二人の声が耳元で反響する。手の震えが止まらない。どちらかの手が、私の腕を掴んだことだけは分かる。

その時になって漸く右の手のひらが痛むことに気付いた。ナイフの刃の部分を握り締めていたことにも。

 

遠慮のない強い力で凶器が取り上げられるのを、私は、微かに歪む視界の中他人事のように眺めていた。

 

 

 

 

 

 

 

アレッシア・サリエリ。部長に注意するよう私が頼んだ為に、彼を追った先で殺されてしまった彼女。

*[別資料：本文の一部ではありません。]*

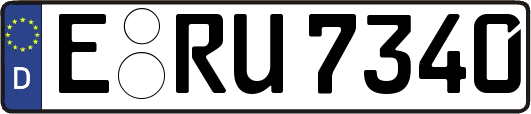 E-RU7340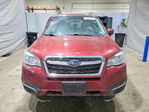Subaru Forester 2018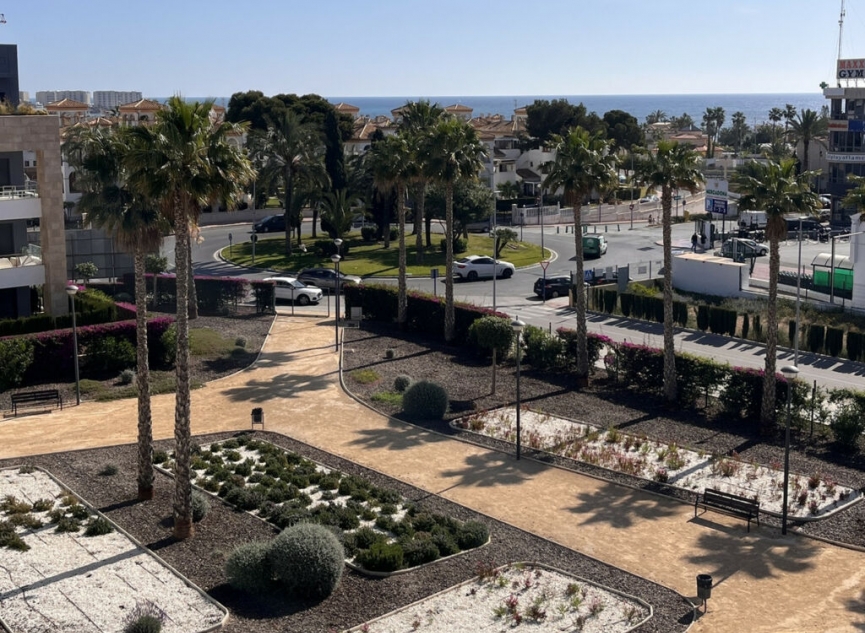 Resale - Apartment -
Playa Flamenca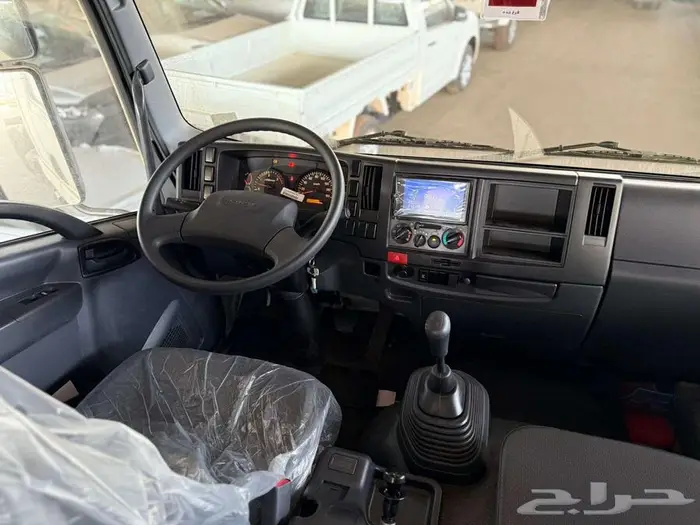 ايسوزو دينا 4طن 5طن 6طن 7.5طن 13طن موديل2025 تمويل بنوك 49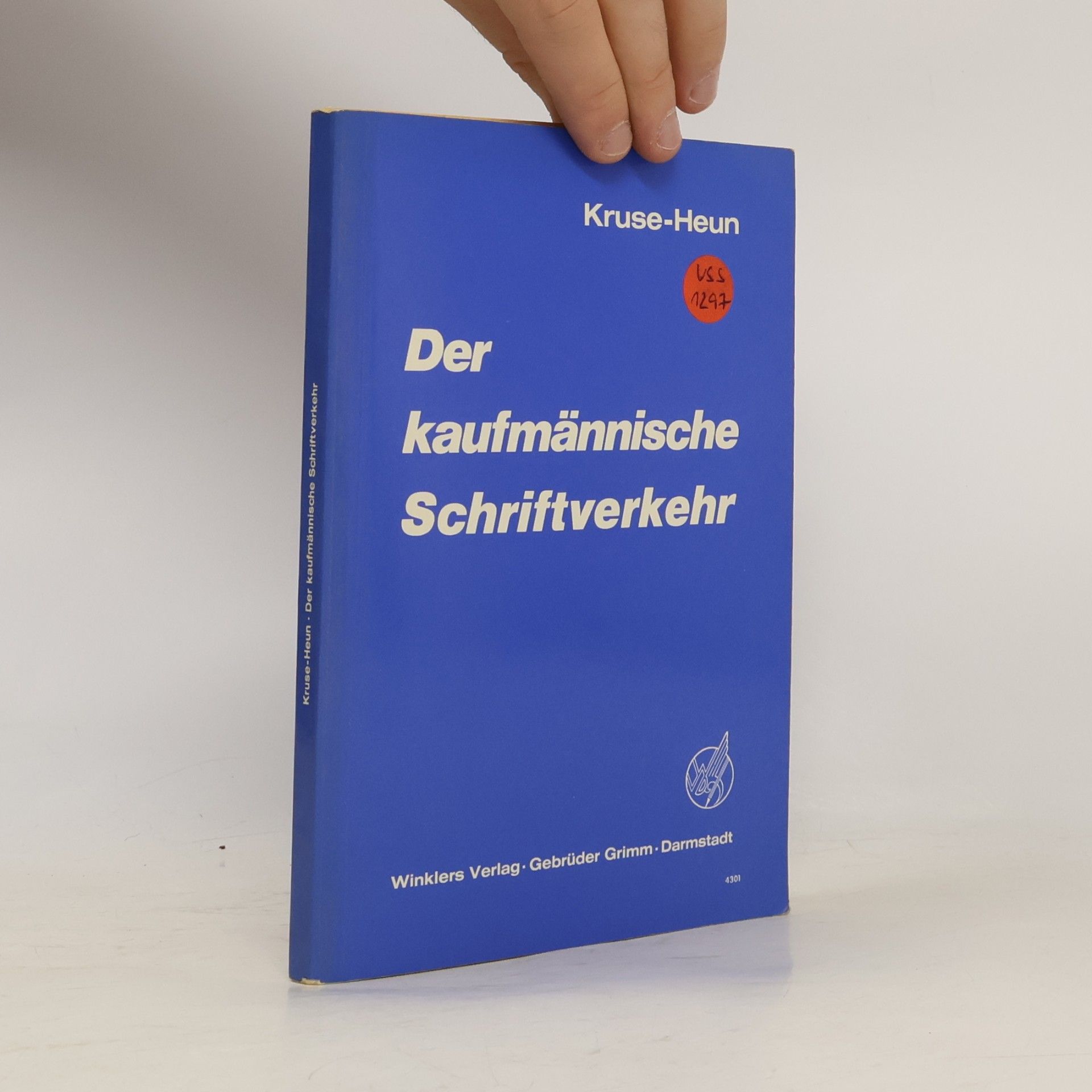 Kolektiv autorů Der kaufmännische Schriftverkehr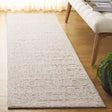 Safavieh Pine 2'-3" x 8'-0" Rug in Light Brown / Ivory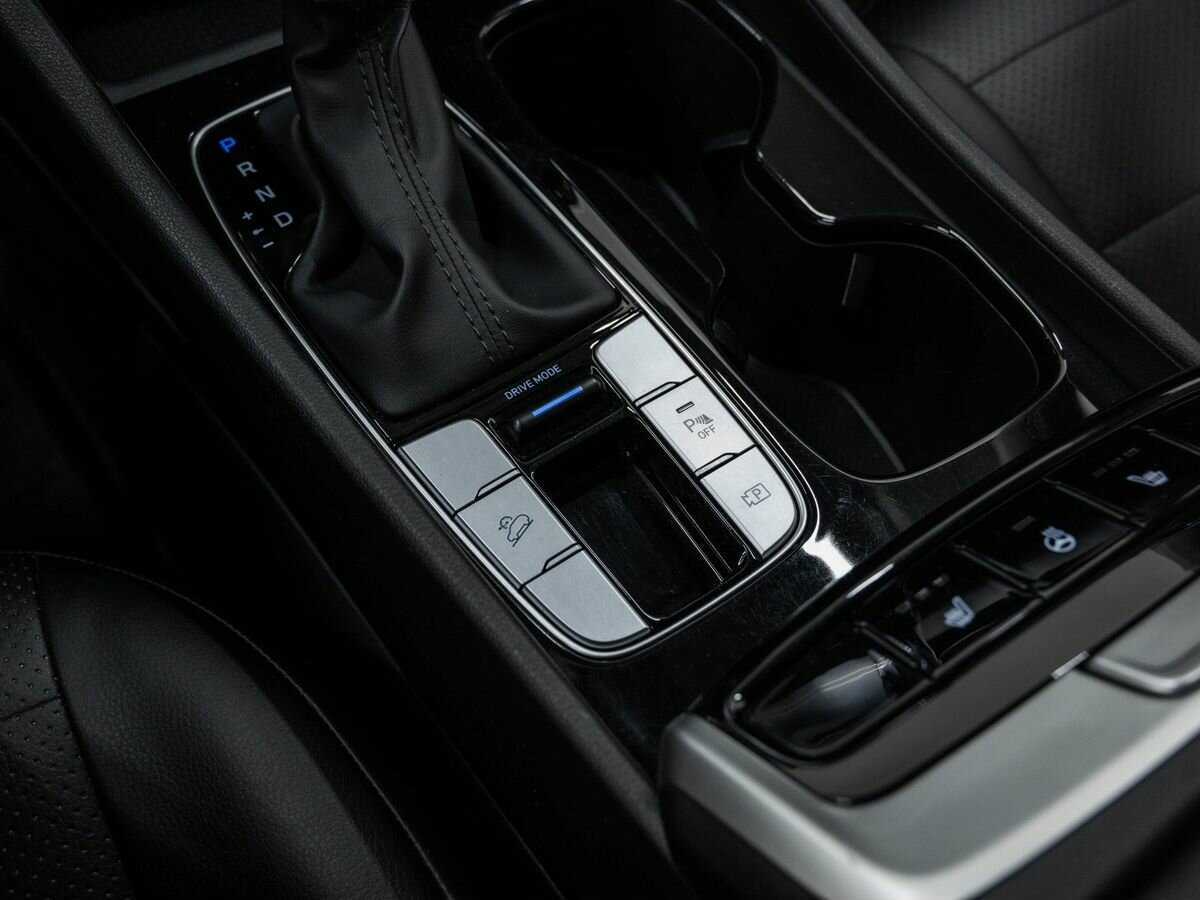 Hyundai Tucson 2021 года с пробегом. Фото: #21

残る二人とは違って最後に一目会うことも出来ず、別れさえ言えないまま全てが終わった。

 

だから余計失ったという実感が薄かったのだと思う。―――今ここで、彼女の遺品を目にするまでは。

 

 

(・・・分かっていたのに。知っていたのに・・・)

 

 

湧き上がった衝動は、憎しみに似ている。部長に対してか、・・・私自身に対してかは考えたくない。

 

現実味がなくて袖口に忍ばせたナイフを無意識に手に取った。取った、つもりで、いた。

十年前のあの日から、私はナイフを握りしめることで精神を落ち着かせるという嫌な癖がついている。

 

だから今回もそうしようと思ったのかもしれない。ただ動揺した自分に少し動揺して、手がすべってしまった。

 

 

そう、それだけのこと。

 

 

 

「・・・・・・ああ、・・・間違えた」

「何を?!」

「ここ、いつもは折り畳みナイフいれてたんですよ。爆発事件の後で位置変えたの忘れてました」

「いやそれ意味が分からないから!」

「君、そもそも凶器出して何するつもりだったのさ・・・」

「え。部長刺しに」

 

 

 

ちょっと情報部まで?と部長が収容されているであろう建物がある方角を見ながら言うと、恭弥の腕の力が増した。

その痛みに思わず顔を顰める。手のひらがざっくり切れた所為か手首にまで血が垂れてくる感触も不快だった。

 

とはいえ上手く押さえ込まれて上体を起こすことさえままならない。文句を言おうと口を開くが、それは直ぐに遮られた。

 

 

 

「―――さん。指開ける?」

 

 

 

私から凶器を取り上げたのはボスだったようで、自身が持っていた高そうなハンカチで応急措置をしてくれる。

 

天下のボンゴレ十代目に怪我の手当てをしてもらう。・・・それもかなり甲斐甲斐しく。

例の右腕に知られたら煩いだろうそんな貴重な体験をしているうちに、ゆっくりと頭が冷静さを取り戻していった。

 

 

 

 

 

 

 

 

 

 

私は、自分自身の行動が信じられなかった。現実にそうしたということを充分理解していても、だ。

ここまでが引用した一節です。